◆ Prompt:
Only the lines below between the ones containing "Подержанный автомобиль Volkswagen" and "Sản lượng thi", inclusive, are to be reproduced, each exactly as it stands.

◆ Excerpts from a dataset:
*** Block opens ***

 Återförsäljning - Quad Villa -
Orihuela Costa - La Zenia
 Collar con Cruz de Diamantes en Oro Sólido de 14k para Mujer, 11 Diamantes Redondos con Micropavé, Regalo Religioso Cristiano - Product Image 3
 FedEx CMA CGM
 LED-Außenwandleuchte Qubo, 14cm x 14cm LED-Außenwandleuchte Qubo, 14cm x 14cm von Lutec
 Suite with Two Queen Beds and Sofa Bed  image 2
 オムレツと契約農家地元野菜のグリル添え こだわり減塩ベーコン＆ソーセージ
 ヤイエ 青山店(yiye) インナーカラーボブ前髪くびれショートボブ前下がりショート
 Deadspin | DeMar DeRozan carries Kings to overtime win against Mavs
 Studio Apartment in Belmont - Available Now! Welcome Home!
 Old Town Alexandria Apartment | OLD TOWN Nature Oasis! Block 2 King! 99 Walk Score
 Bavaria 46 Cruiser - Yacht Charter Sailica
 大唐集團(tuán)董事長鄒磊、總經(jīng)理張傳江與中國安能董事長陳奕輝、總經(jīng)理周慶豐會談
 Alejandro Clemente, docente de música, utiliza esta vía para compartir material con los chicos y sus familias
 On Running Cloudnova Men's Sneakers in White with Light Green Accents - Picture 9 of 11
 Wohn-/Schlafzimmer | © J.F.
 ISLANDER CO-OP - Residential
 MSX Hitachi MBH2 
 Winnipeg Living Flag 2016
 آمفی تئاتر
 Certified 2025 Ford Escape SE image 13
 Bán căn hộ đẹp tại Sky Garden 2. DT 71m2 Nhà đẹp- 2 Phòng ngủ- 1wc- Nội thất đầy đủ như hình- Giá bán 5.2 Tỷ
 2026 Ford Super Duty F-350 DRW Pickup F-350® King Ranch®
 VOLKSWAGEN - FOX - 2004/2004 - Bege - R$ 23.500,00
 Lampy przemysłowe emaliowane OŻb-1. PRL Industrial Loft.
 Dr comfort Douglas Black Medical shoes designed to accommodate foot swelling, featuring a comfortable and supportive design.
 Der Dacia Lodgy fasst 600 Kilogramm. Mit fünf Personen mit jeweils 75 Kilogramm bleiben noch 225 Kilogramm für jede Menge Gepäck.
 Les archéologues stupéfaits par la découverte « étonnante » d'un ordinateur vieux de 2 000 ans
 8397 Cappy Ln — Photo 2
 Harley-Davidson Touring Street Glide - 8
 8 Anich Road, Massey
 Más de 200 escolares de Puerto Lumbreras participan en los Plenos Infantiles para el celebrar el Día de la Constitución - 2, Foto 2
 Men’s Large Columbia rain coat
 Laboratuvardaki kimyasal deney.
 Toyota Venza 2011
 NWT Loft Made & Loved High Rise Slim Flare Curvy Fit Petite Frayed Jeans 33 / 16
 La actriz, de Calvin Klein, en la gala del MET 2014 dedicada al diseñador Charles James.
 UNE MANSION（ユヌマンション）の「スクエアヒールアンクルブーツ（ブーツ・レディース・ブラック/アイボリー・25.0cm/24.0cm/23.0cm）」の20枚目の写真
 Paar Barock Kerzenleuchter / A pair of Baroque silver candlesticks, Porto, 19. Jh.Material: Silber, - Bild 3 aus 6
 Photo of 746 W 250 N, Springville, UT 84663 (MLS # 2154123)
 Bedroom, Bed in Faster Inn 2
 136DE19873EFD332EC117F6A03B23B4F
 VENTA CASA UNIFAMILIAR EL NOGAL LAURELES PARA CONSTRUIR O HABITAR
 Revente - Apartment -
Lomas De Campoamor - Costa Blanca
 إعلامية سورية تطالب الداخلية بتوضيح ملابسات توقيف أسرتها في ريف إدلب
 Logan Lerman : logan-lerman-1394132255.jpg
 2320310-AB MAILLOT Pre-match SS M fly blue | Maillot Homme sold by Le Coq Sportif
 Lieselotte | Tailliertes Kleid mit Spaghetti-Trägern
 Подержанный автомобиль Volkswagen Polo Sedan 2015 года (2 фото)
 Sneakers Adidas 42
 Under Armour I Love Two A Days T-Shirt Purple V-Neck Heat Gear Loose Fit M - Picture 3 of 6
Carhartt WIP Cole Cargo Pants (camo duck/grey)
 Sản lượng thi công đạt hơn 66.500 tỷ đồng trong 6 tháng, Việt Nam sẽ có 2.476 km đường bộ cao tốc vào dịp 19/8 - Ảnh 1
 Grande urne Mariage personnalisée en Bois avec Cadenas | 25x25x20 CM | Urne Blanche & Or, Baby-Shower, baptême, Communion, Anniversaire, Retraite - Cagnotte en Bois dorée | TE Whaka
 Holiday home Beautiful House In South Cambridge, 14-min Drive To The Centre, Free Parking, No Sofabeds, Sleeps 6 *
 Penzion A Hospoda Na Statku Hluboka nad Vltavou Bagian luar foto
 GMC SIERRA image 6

*** Block closes ***

◆ Answer box:
 Подержанный автомобиль Volkswagen Polo Sedan 2015 года (2 фото)
 Sneakers Adidas 42
 Under Armour I Love Two A Days T-Shirt Purple V-Neck Heat Gear Loose Fit M - Picture 3 of 6
Carhartt WIP Cole Cargo Pants (camo duck/grey)
 Sản lượng thi công đạt hơn 66.500 tỷ đồng trong 6 tháng, Việt Nam sẽ có 2.476 km đường bộ cao tốc vào dịp 19/8 - Ảnh 1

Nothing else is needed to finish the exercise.